### [Task to carry out]
Pictures stay out. All the rest of the records must be repeated exactly.
------------------------------------------------
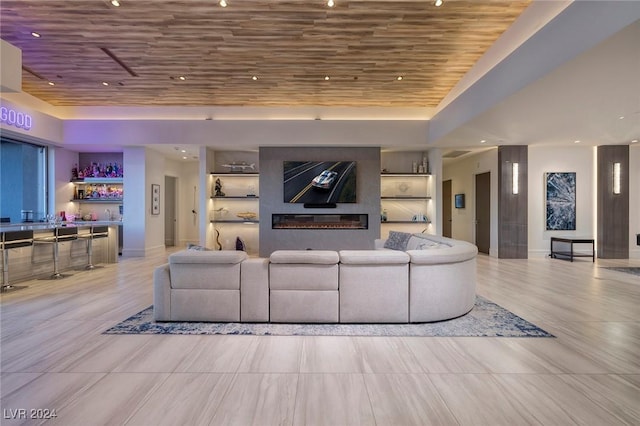 living room featuring bar and wood ceiling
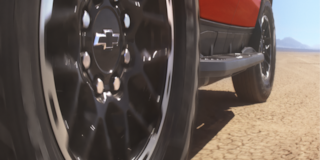 Close-Up of 2026 Chevy Silverado Wheel Showing Tire Design and Suspension System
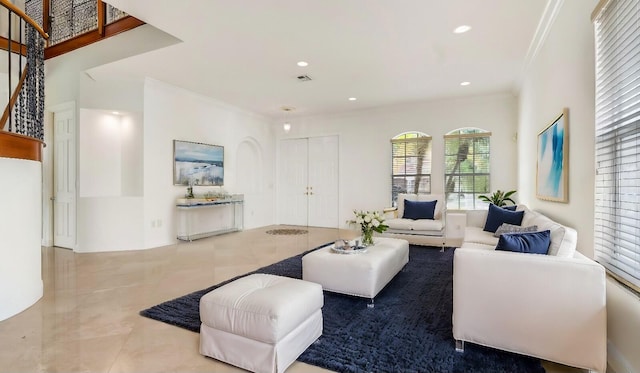 living room with ornamental molding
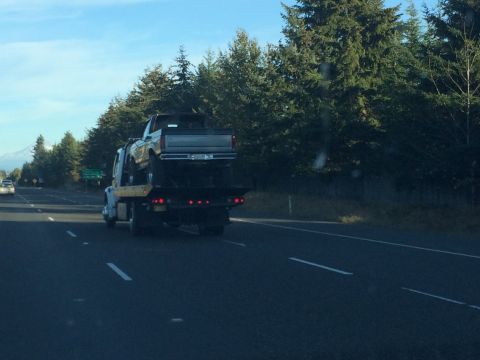 1989 Ford Bronco - A 1987 Ford F-150 pickup truck is transported on a flatbed tow truck along a highway.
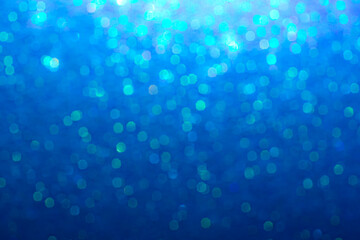 Blue bokeh. Abstract blue colorful background and texture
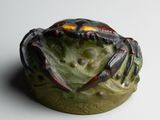 a crab that is sitting on top of a bowl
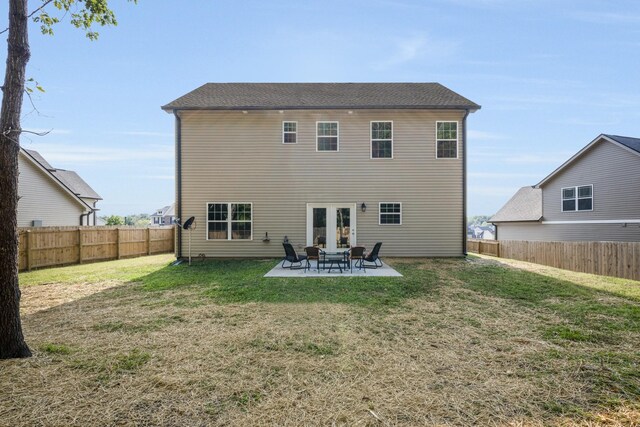 rear view of property featuring a yard and a patio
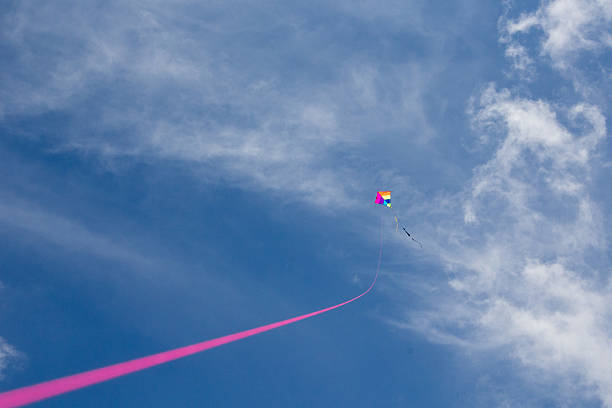 istock Colorful kite with pink kitestring under a blue cloudy sky 479560490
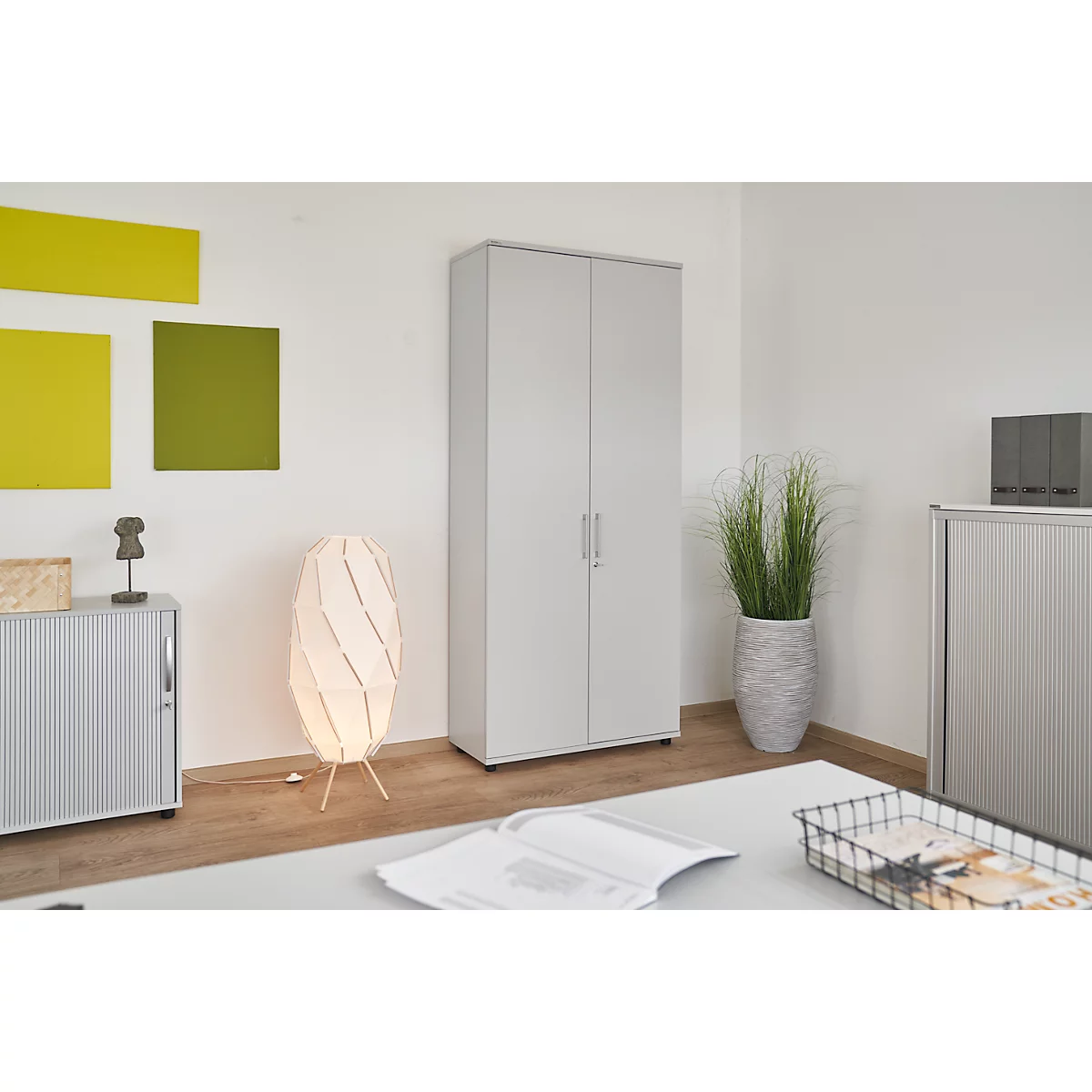 Bright cabinet in the office. Next to it a floor lamp and a large flower pot with grass. On the desk is an open book.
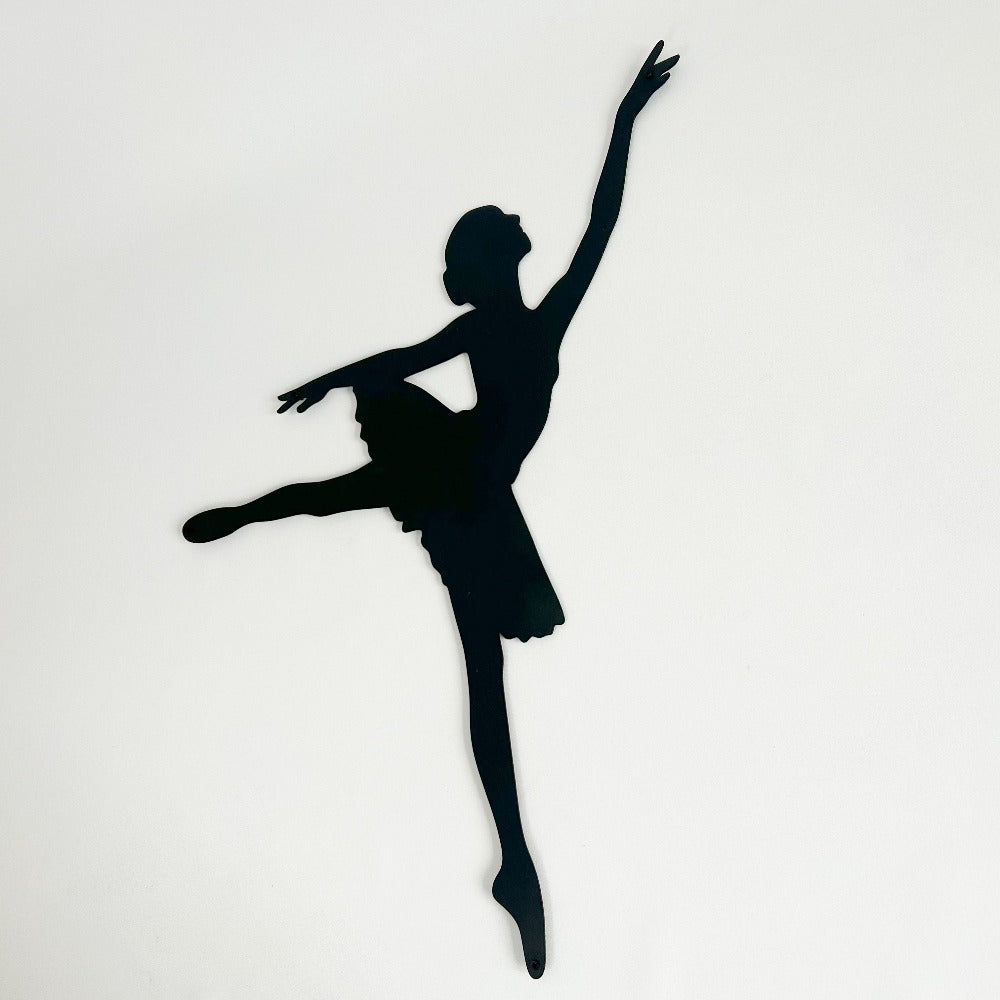 Black ballerina silhouette metal wall art shown against a clean background with the figure in a motion pose.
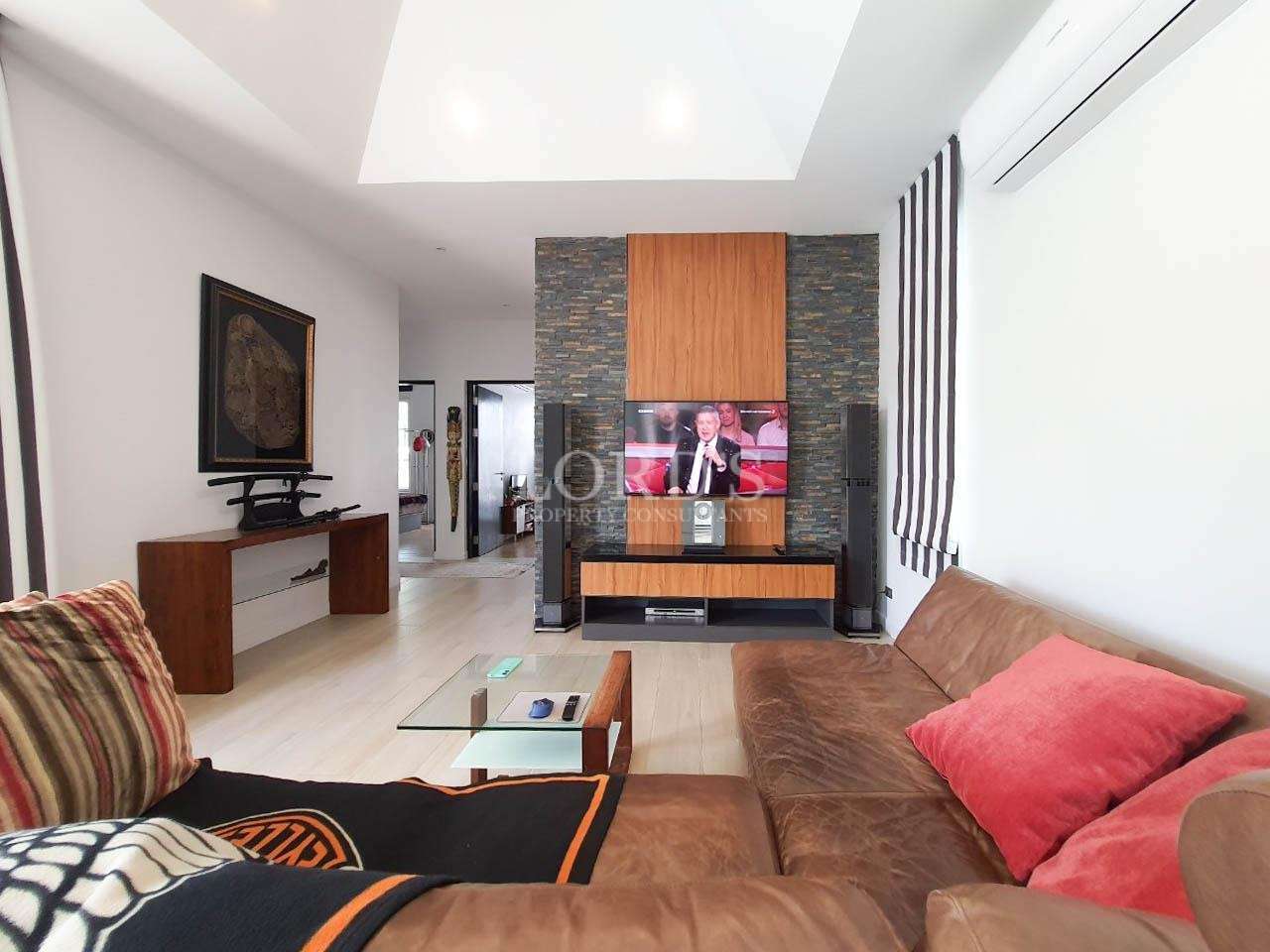 Living room with sofa and bright interior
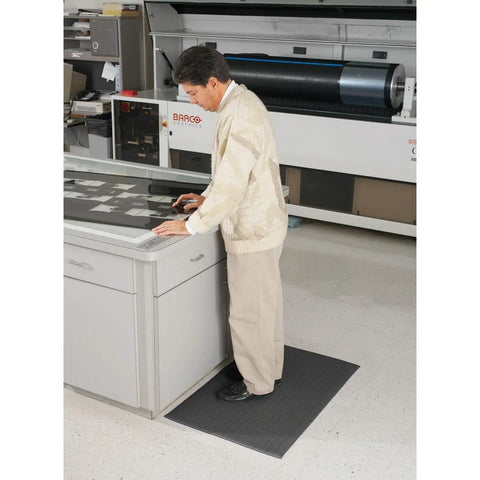 Person standing on Air Step Anti Fatigue Floor Mat Black 36 Inch Long 24 Inch Wide With Three Eighths Inch Vinyl Foam Cushioned Support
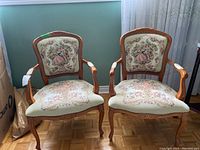Pair of matching wood frame armchairs with needlepoint upholstery showing dancing couple and floral designs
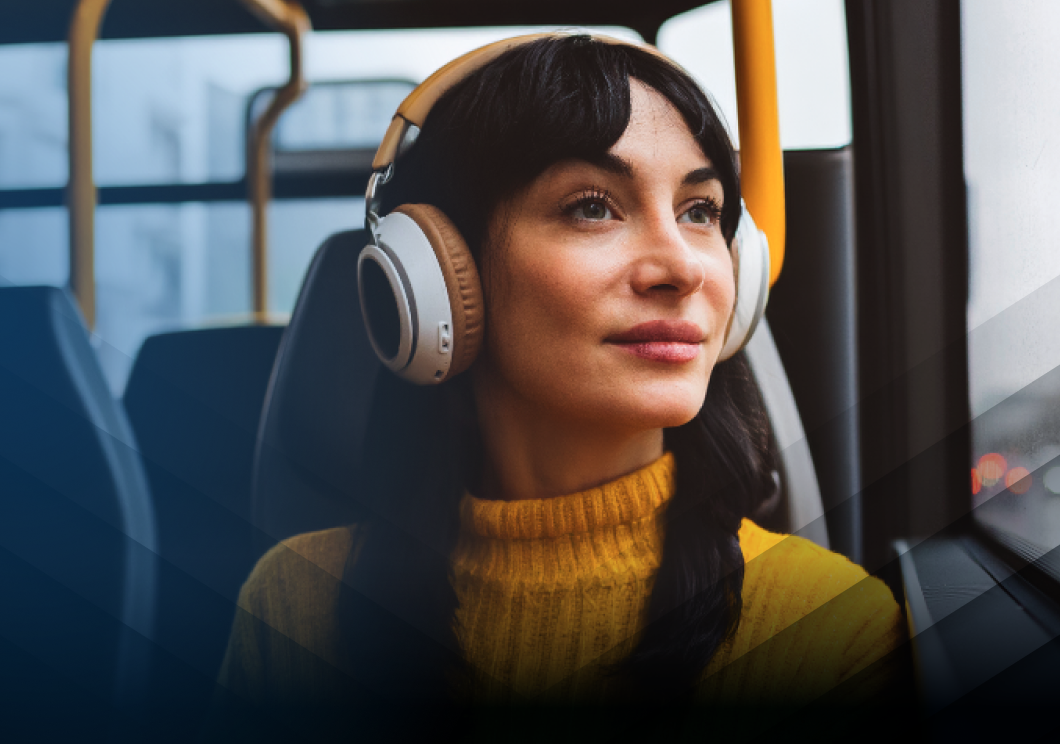 A woman wearing headphones while riding on a bus.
------------------------------------------------
### [Your response]
 living room featuring bar and wood ceiling
 Close-Up of 2026 Chevy Silverado Wheel Showing Tire Design and Suspension System
 living room with ornamental molding
 1989 Ford Bronco - A 1987 Ford F-150 pickup truck is transported on a flatbed tow truck along a highway.
 Blue bokeh. Abstract blue colorful background and texture
 a crab that is sitting on top of a bowl
 rear view of property featuring a yard and a patio
 istock Colorful kite with pink kitestring under a blue cloudy sky 479560490
 Bright cabinet in the office. Next to it a floor lamp and a large flower pot with grass. On the desk is an open book.
 Black ballerina silhouette metal wall art shown against a clean background with the figure in a motion pose.
 Living room with sofa and bright interior
 Person standing on Air Step Anti Fatigue Floor Mat Black 36 Inch Long 24 Inch Wide With Three Eighths Inch Vinyl Foam Cushioned Support
Pair of matching wood frame armchairs with needlepoint upholstery showing dancing couple and floral designs
 A woman wearing headphones while riding on a bus.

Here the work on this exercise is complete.